By the time I took up solo diving, I had nearly 2000 dives under my weightbelt ... roughly 200 of them dives in either a physical or virtual overhead. By then I had not only a pretty good knowledge of my limitations, but a healthy respect for the water and what it can do to you ... based on making plenty of mistakes and learning from them. A lot of those were mistakes I probably wouldn't have survived without the help of a good dive buddy. They taught me how to recognize and avoid most of the problems that can get divers in trouble. Without that experience, I don't think I would have made a very safe solo diver.

The difference between you and me is I don't take solo diving lightly ... not even the casual ones in places I've done hundreds of dives. People die by taking their easy dives too casually. Look up Wes Skiles sometime ... the dude was way more experienced than me, and he died on a 70-foot reef dive.

... Bob (Grateful Diver)
 
In the SDI solo diving book, the types of dives not recommended for solo divers are staged deco diving, wreck diving, penetration diving, cavern and cave dives, pinnacle dives and any form of technical diving.

Seems hypocritical on the one hand to tell me I shouldn't dive in a cavern without doing the requisite penetration training while ignoring this requirement.

It would be interesting to hear Steve Lewis comment on the matter.
 
As a matter of interest, how many of you solo dive in an overhead environment.

I have a number of times. Not in any type of cave settings because I do believe that if you are going to go into a cave you need to get the proper training, but off the coast here in NC there are a number of wrecks I have been in while solo diving but I don't make it a habit of going deep into the wreck. We also have a city bus that was sank into a local quarry and you can swim thru that but the doors were removed and it's pretty much impossible to get lost or disoriented in it.

It looks like from the pictures you have shown you are talking about swim throughs that are pretty wide open and from what I can tell plenty of light. So if that's the case I wouldn't have a problem doing those dives but to each their own.
 
In the SDI solo diving book, the types of dives not recommended for solo divers are staged deco diving, wreck diving, penetration diving, cavern and cave dives, pinnacle dives and any form of technical diving.

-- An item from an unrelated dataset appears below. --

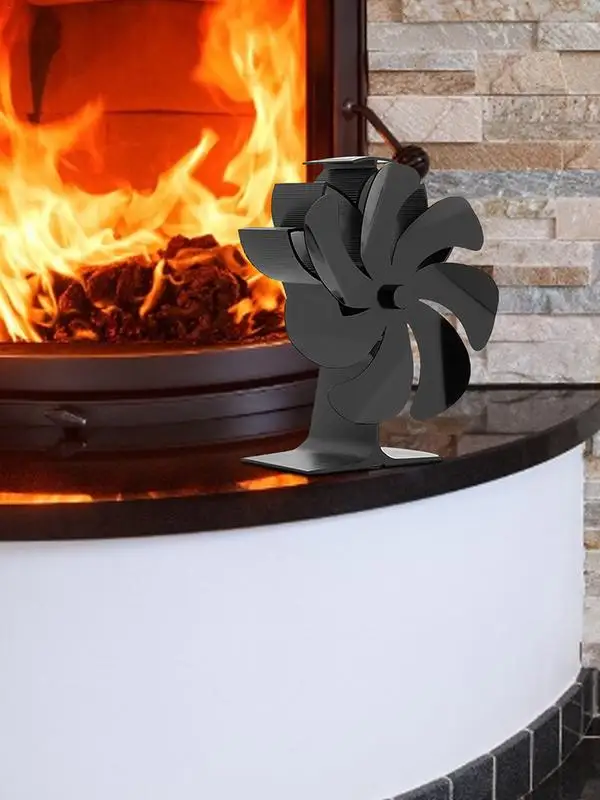 

Black Fireplace 7 Blades Heat Powered Stove Fan Heating Fan Log Wood Burner Quiet Home Fireplace Fan Efficient Heat Distribution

Seems hypocritical on the one hand to tell me I shouldn't dive in a cavern without doing the requisite penetration training while ignoring this requirement.

It would be interesting to hear Steve Lewis comment on the matter.

The SDI solo diving book is designed for people with recreational training and very limited (100 dives) experience. What they're actually telling you is that their course isn't intended for people who want to do solo diving in overhead environments ... rightfully so, since their training doesn't in any way prepare you for that type of diving.

You shouldn't do ANY type of diving without first educating yourself on the inherent risks associated with that type of diving, and without preparing yourself for remediating those risks.

... Bob (Grateful Diver)
 
Actually no, the book clearly indicates otherwise. Have you read it?
 
Actually no, the book clearly indicates otherwise. Have you read it?

Post the excerpt you're talking about, but realize that that book is NOT written for technical divers. It's NOT written for divers trained in overhead. SDI doesn't train any divers in the Tech disciplines, so that is NOT the target audience. Anybody certified to dive in an overhead environment has enough training and experience to make those decisions themselves. I've done a Full Cave dive solo. I have no issue with it. I have issue with people doing it that don't have the training/experience to make the decision for themselves....yet they shouldn't be in that environment WITH a buddy, either.